Bemängelt wurde meist das ganz linken AF-Messfeld.
Wir
haben uns entschieden, dieses Problem näher zu untersuchen.
2.
Unser TestverfahrenWir haben ein spezielles Testbild
verwendet, dargestellt in Abb. 1:

Abb. 1
Das
Bild zeigt das Zentrum als ca. 2/3 großen Ausschnitt aus dem gesamten
Kamera-Bild, dies sowohl horizontal wie vertikal. Unser
Testbild wird überlagert mit einer Abbildung der AF-Messfelder, welche
von der Nikon Homepage stammt.
Da Nikon auch in
dieser Vollformatkamera ein APS-C-AF-Modul (DX) nutzt, wird nur ca.2/3
der Bildfläche abgedeckt.
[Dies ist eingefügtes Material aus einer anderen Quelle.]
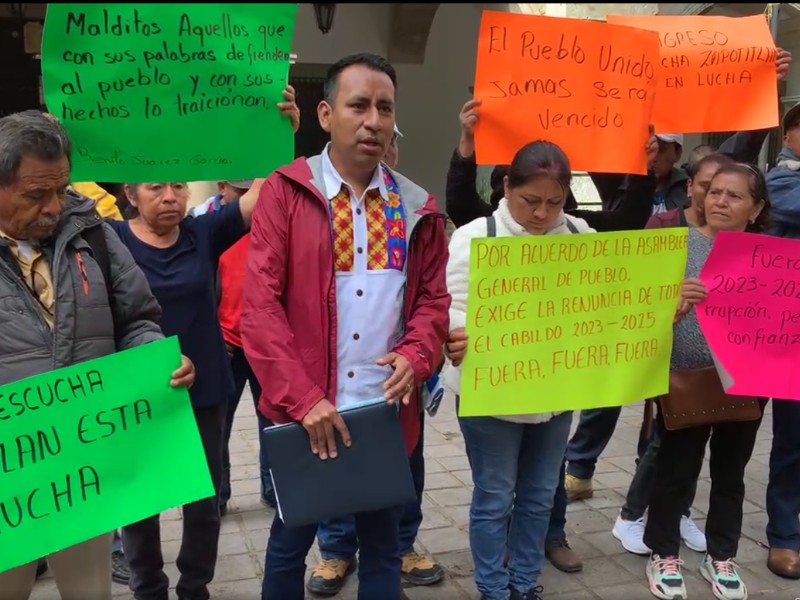 Exigen desaparición de poderes en Zapotitlán Palmas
Unsere Messungen wurden an den 5 rot
markierten AF-Messfeldern durchgeführt ohne die Kamera bewegen.
Jeder
der fünf AF Punkte an den Positionen (-5,0), (-3,0), (0,0), (3,0),
(5,0) wurde unter denselben Bedingungen untersucht, ohne die Kamera zu
bewegen. Jeder AF-Detektor "sieht" ein gleiches Testbild. Außer
dem mittleren AF-Messfeld (0,0), sind die AF-Messfelder Liniensensoren
(keine Kreuzsensoren). In der Nikon Illustration sind die Kreuzsensoren
orange markiert .
Wir untersuchten zwei „samples“
der D800, es
wurde dazu bei jeder der Kameras ein identisches (dasselbe)
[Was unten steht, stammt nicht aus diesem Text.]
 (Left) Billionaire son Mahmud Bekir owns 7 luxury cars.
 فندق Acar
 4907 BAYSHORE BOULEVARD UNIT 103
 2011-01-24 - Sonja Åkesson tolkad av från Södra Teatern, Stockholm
Nikkor-Objektiv 24-70/2.8G bei 24mm f/2.8 verwendet. Die Entfernung zum
Testbild betrug 1,20 mtr. (50x Brennweite, dieser Abstand wird meist
von Herstellern der AF-Kalibrierungs-Tools vorgeschlagen). Das Licht
war Halogen (ca. 2850 K) bei einem Lichtwert LW 10 (Belichtungsdaten
der Aufnahmen:1/160s und ISO 100).
Nicht untersuchte
Faktoren: 1. Farbtemperatur (beeinflusst voraussichtlich die
absoluten Werte, aber nicht das äußere AF-Messfeld Problem). 2.
Brennweite (Berichte deuten darauf hin, dass kürzere Brennweiten das
größere Problem haben). 3.
Distanz (der Motiv-Abstand könnte erhebliche Auswirkungen haben; wir
waren bisher zu faul, um es weiter zu untersuchen - allerdings ist ein
50x Brennweite Abstand ein relevanter Bereich). 4. Blende
(sollte
voraussichtlich keinen Einfluss haben, außer natürlich, um das Problem
besser sichtbar zu machen in den Bildern - AF-Sensoren verhalten sich
fast unabhängig von der Blendeneinstellung). 5.
Objektivunterschiede (ein Einfluss des Objektives ist nicht zu
erwarten).
Wir wollten nicht einfach nur Bilder
verwenden, die mit dem AF System und den versch. (5) AF-Punkten
fokussiert wurden. Das Ergebnis würde zu sehr schwanken und
wäre zu stark abhängig vom AF Feinabgleich. Wir
verzichteten darauf die Fokus Qualität nur durch visuelle Auswertung
oder mit einem Werkzeug wie “lens-align” durch zu führen. Es
ist subjektiv und zu ungenau.
Unsere Vorgehensweise: Bei
jedem der fünf Fokuspunkte, haben wir den ganzen Bereich des AF
Feinabgleichs durchlaufen. Nach Anfertigung der
Testaufnahmen, wurden diese einer numerischen Auswertung der Schärfe
unterzogen. Normalerweise
würden wir unser bewährtes Tool-Set benutzen (wie in „Image
Understanding" beschrieben – ein Whitepaper welches ebenfalls unter
LumoLabs veröffentlicht ist). Wir haben jedoch beschlossen, mit der
Software "FoCal" aus dem Hause Reikan einen Versuch zu wagen. (vgl.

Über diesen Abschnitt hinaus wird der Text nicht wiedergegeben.